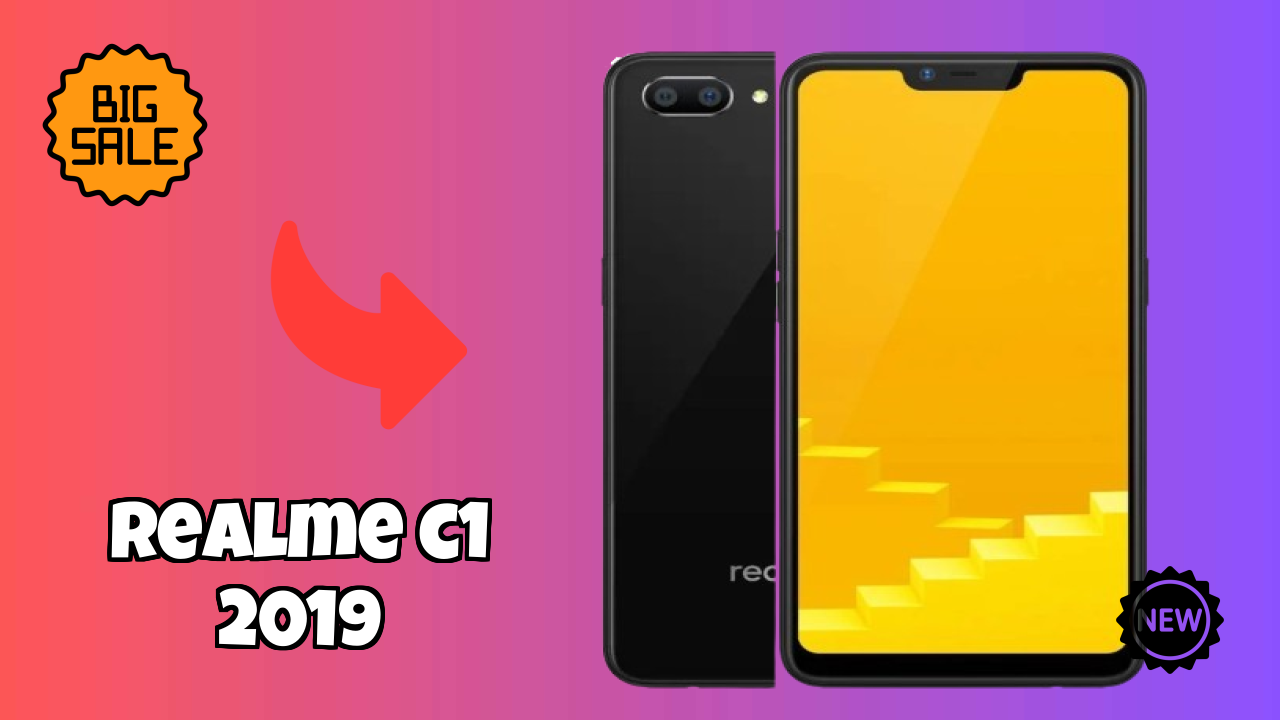 Realme C1 2019 Display Quality: IPS LCD Review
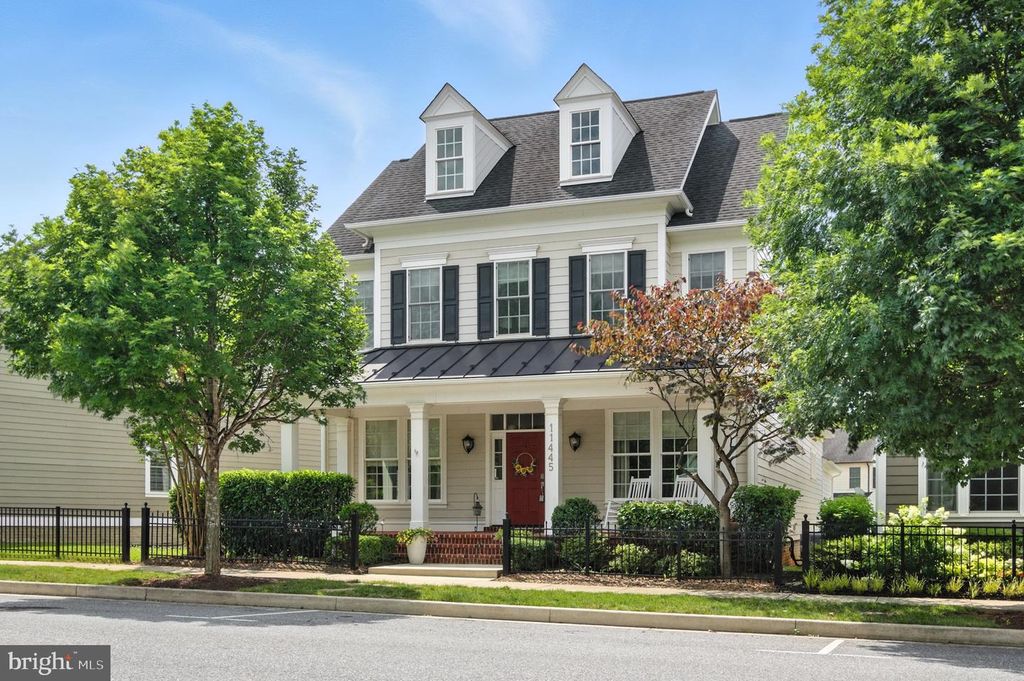 11445 IAGER BLVD, Fulton, MD 20759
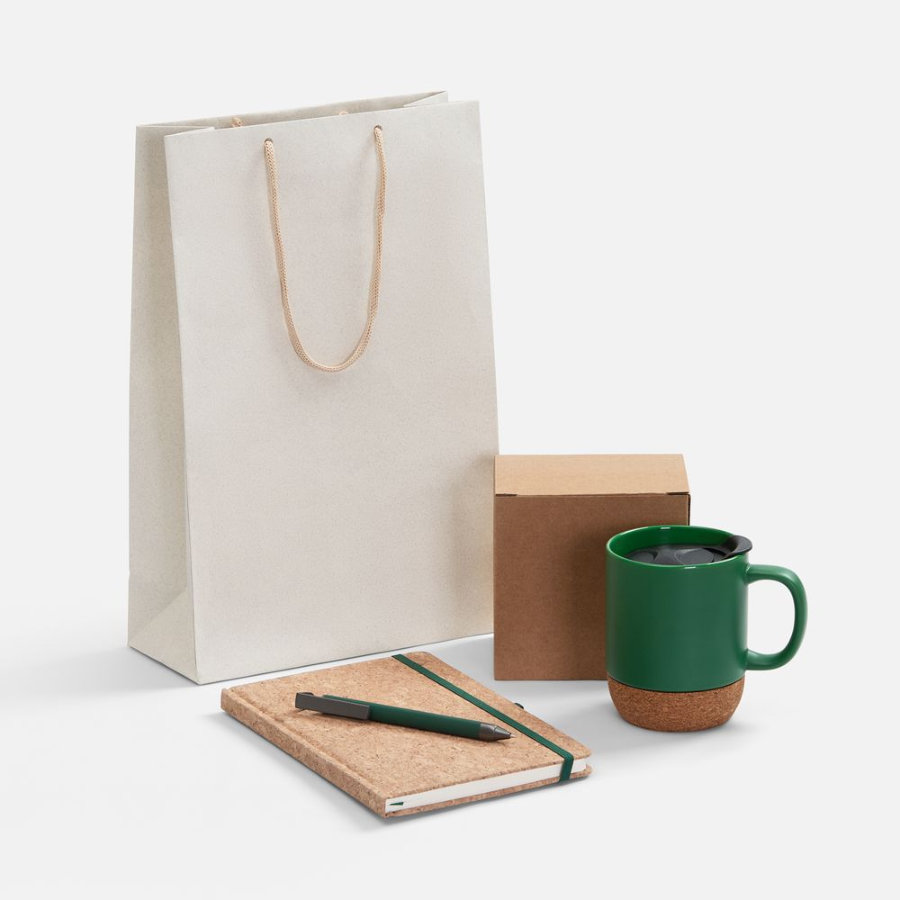 Набор Corkfolio зеленый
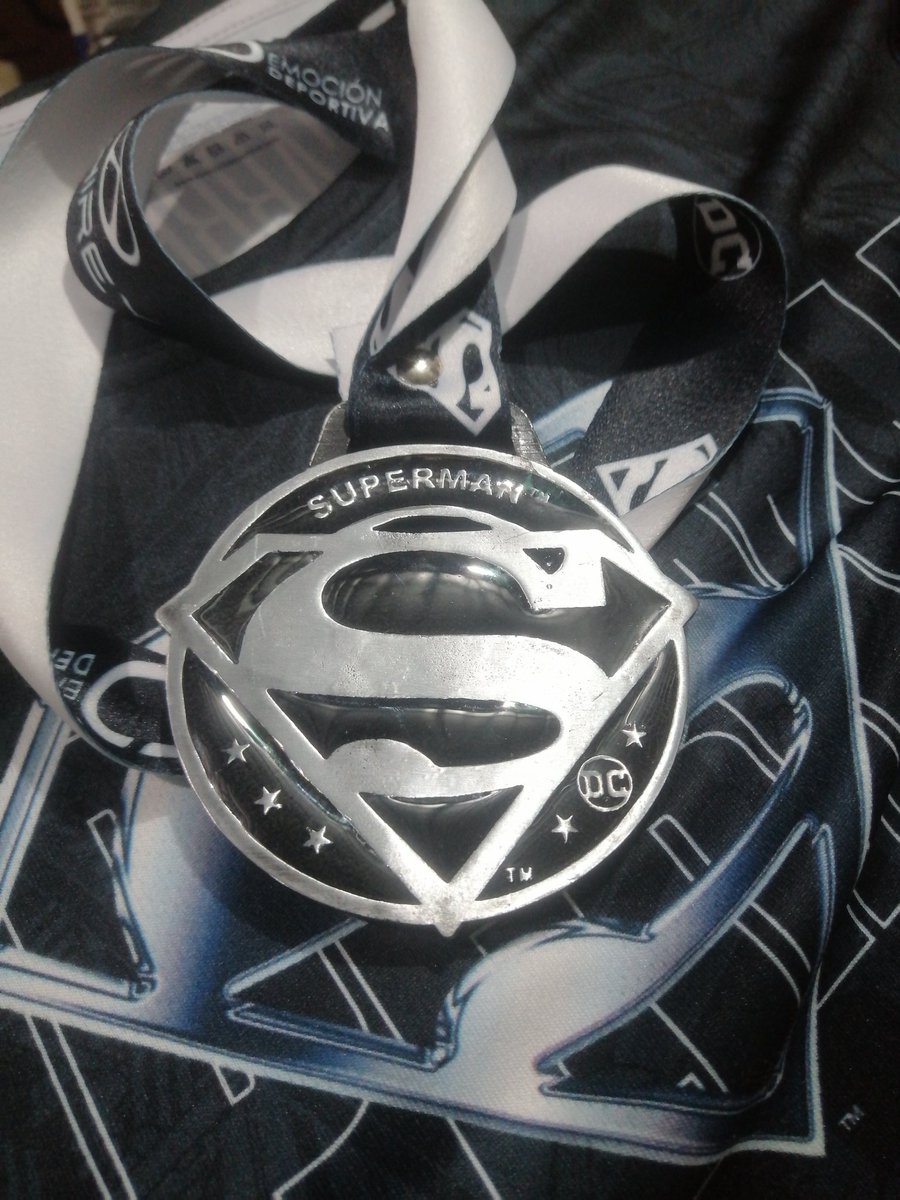 jabrahml's tweet photo. #MedalMonday #YoElegíCorrer https://t.co/CYMpEJsdL5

Problem requirements: Leaving every picture out, repeat each line of the material exactly.

Result below:
 Realme C1 2019 Display Quality: IPS LCD Review
 11445 IAGER BLVD, Fulton, MD 20759
 Набор Corkfolio зеленый
 jabrahml's tweet photo. #MedalMonday #YoElegíCorrer https://t.co/CYMpEJsdL5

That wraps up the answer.